What to do :: Repeat the following entries exactly, excluding pictures.

(Scraped caption text data)
==================================================

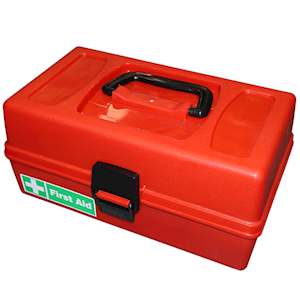 Livingstone First Aid Empty Recyclable Plastic Case, 40 x 22 x 16.3 cm, Transparent Top and Black Bottom, Each Each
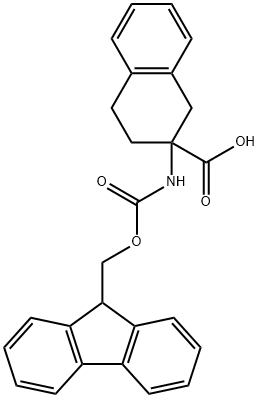 N-FMOC-DL-2-氨基四氢萘-2-羧酸, 135944-08-0, 结构式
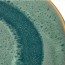 Assiette plate ronde céramique 22,5cm vert Matera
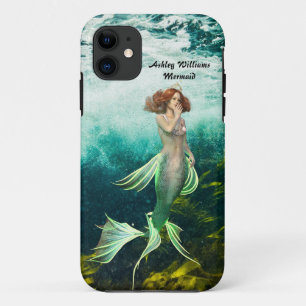 Mermaid in the Sea Individuelle Name iPhone Case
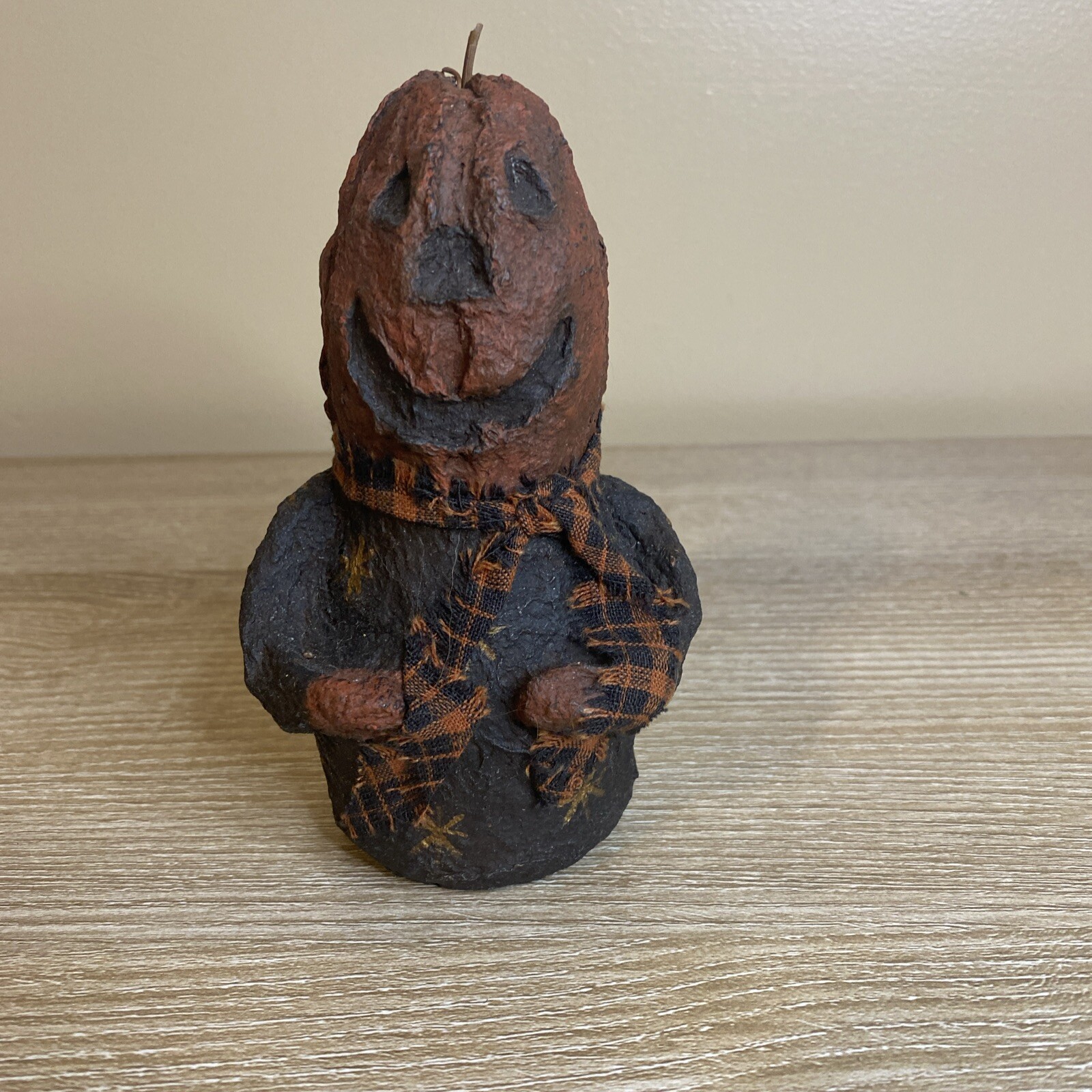 Vintage Debra Williams Folk Art Pumpkin Figurine Decor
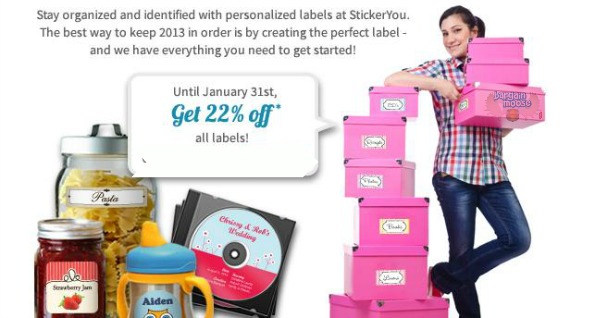 StickerYou Coupon Code: Save 22% Off All Labels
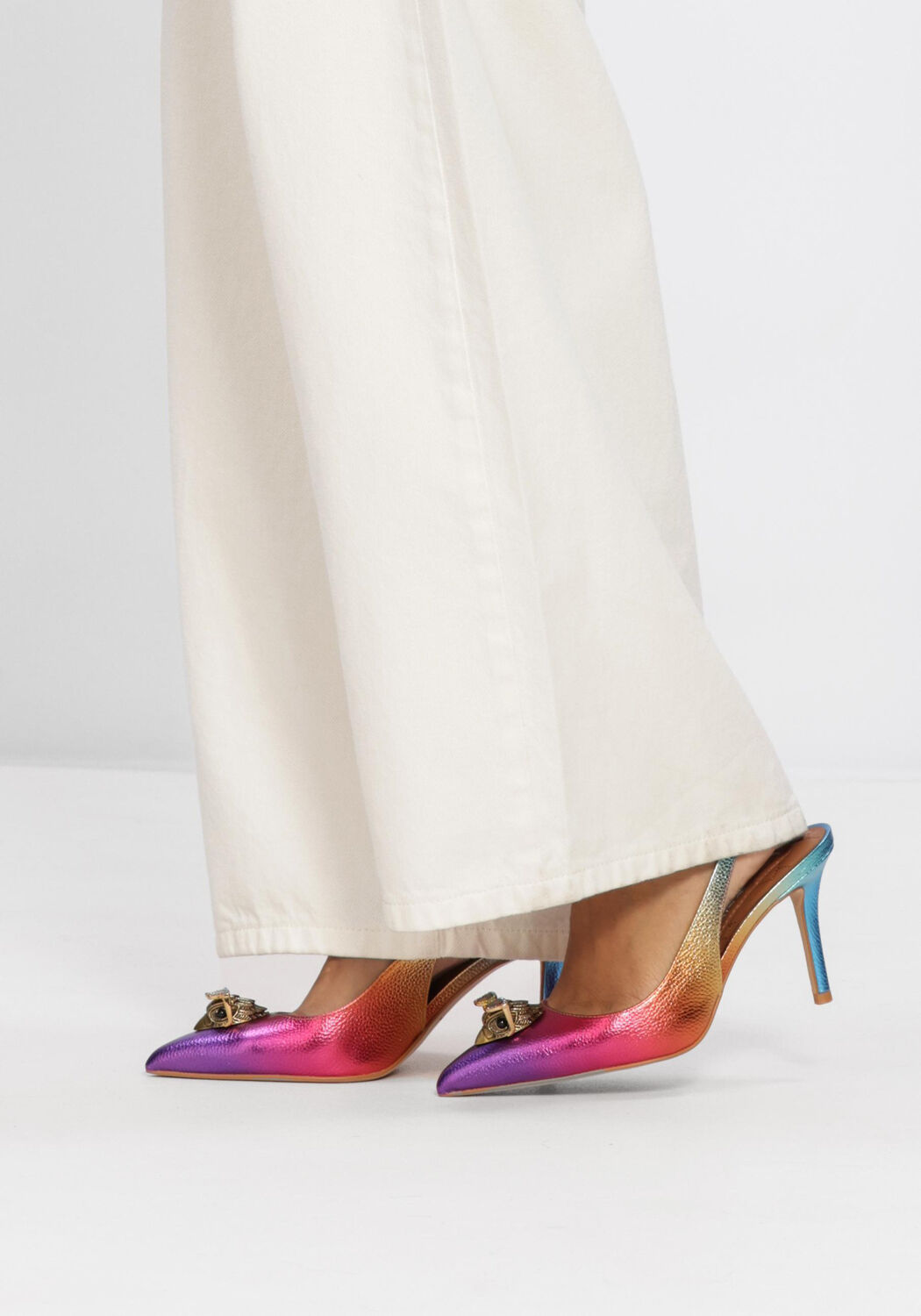 Mehrfarbige/Bunte KURT GEIGER LONDON Sandaletten mit Absatz BELGRAVIA SLING 85 - large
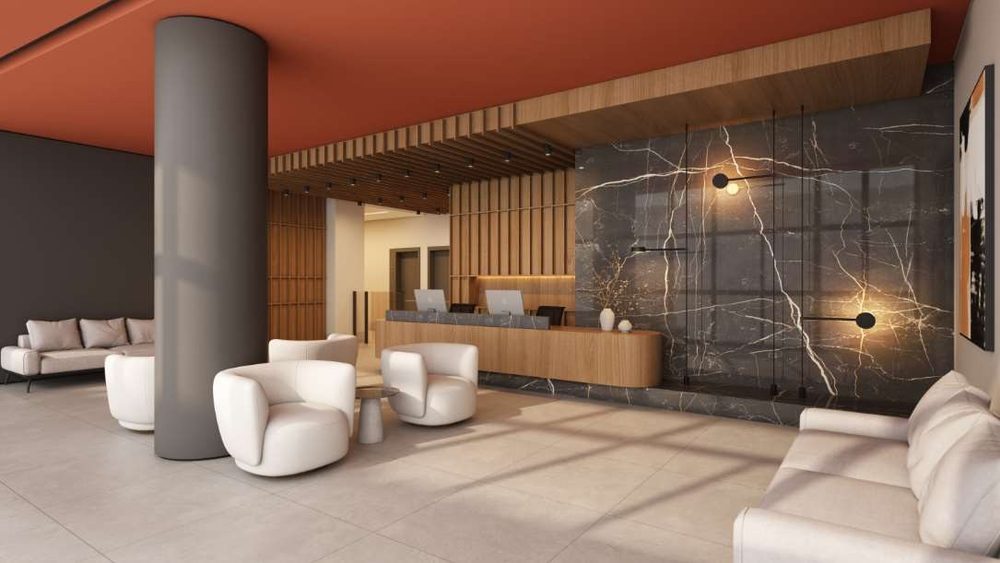 Render do lobby do AES Office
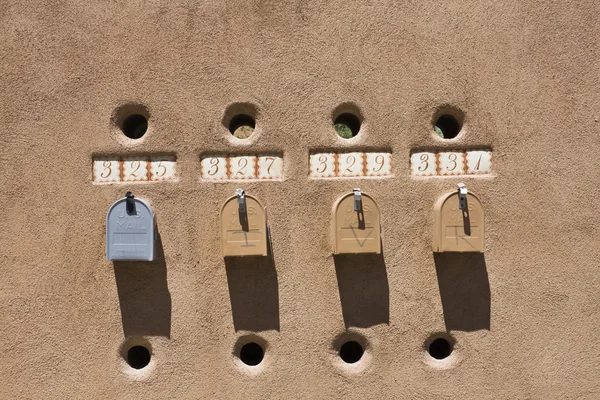 Mailboxes in Santa Fe — Stock Photo, Image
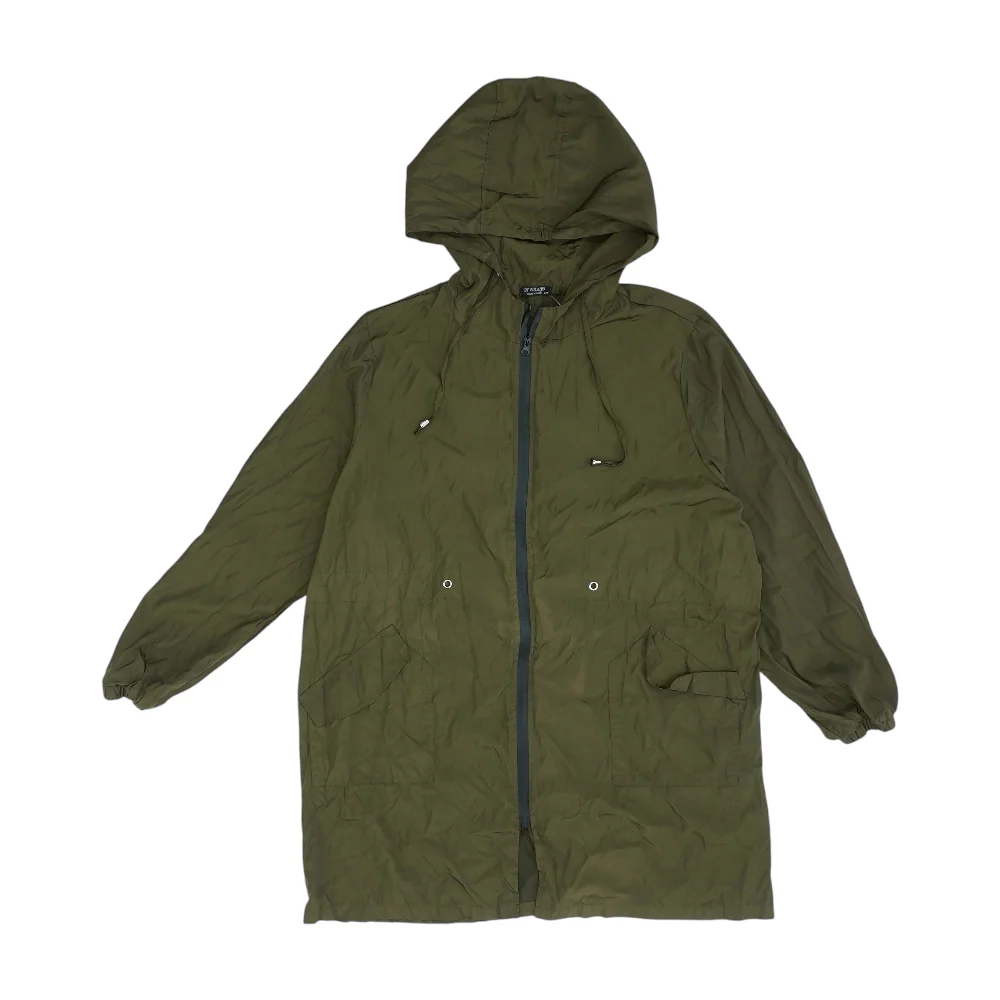 Olive Solid Rain Jacket
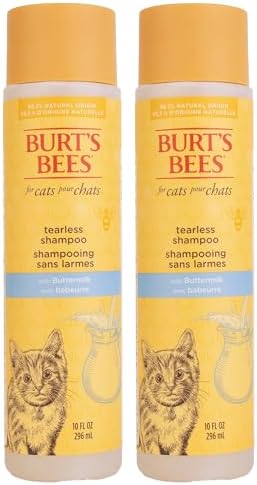 Burts Bees for Pets Tearless Kitten Shampoo with Buttermilk, 10 Fl Oz, 2-Pk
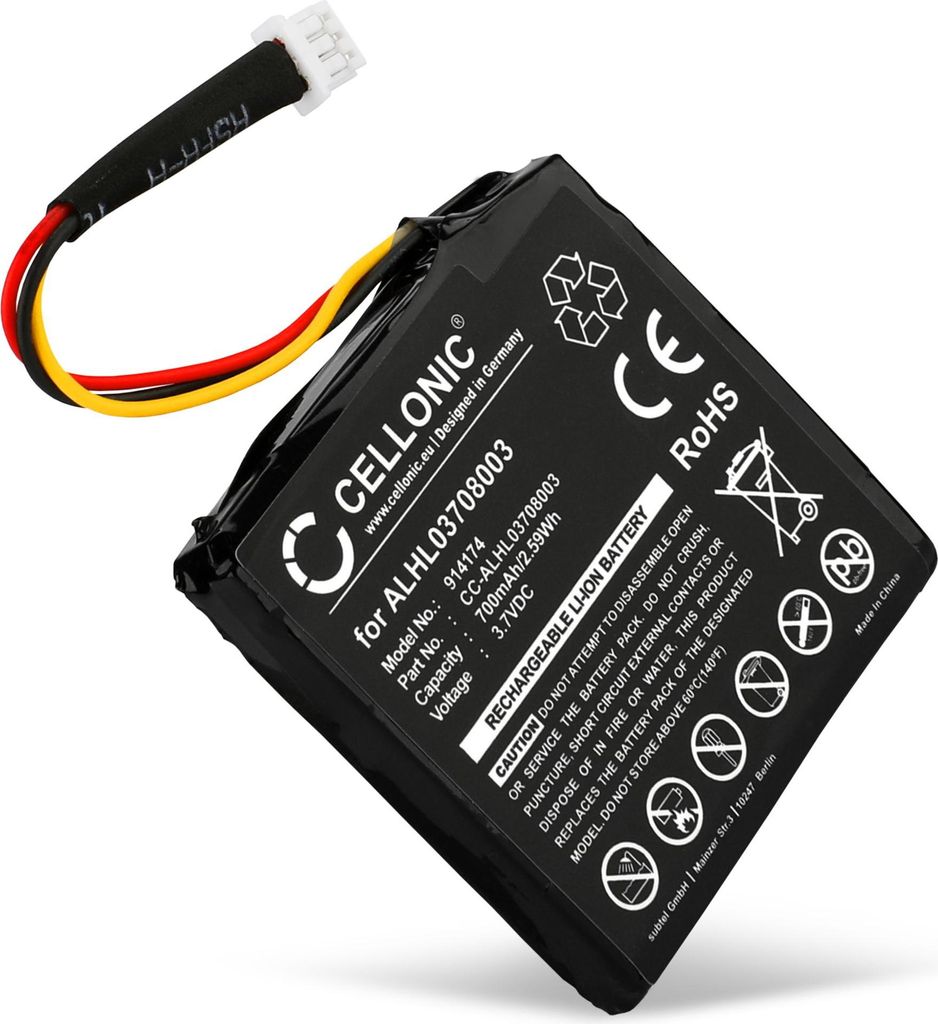 CELLONIC 1x Akku für Navigation Kompatibel mit TomTom Start 25, Star 25, Start 20, Maxell ICP553443 - (700mAh, 3.7V)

==================================================

Expected answer ::
 Livingstone First Aid Empty Recyclable Plastic Case, 40 x 22 x 16.3 cm, Transparent Top and Black Bottom, Each Each
 N-FMOC-DL-2-氨基四氢萘-2-羧酸, 135944-08-0, 结构式
 Assiette plate ronde céramique 22,5cm vert Matera
 Mermaid in the Sea Individuelle Name iPhone Case
 Vintage Debra Williams Folk Art Pumpkin Figurine Decor
 StickerYou Coupon Code: Save 22% Off All Labels
 Mehrfarbige/Bunte KURT GEIGER LONDON Sandaletten mit Absatz BELGRAVIA SLING 85 - large
 Render do lobby do AES Office
 Mailboxes in Santa Fe — Stock Photo, Image
 Olive Solid Rain Jacket
 Burts Bees for Pets Tearless Kitten Shampoo with Buttermilk, 10 Fl Oz, 2-Pk
 CELLONIC 1x Akku für Navigation Kompatibel mit TomTom Start 25, Star 25, Start 20, Maxell ICP553443 - (700mAh, 3.7V)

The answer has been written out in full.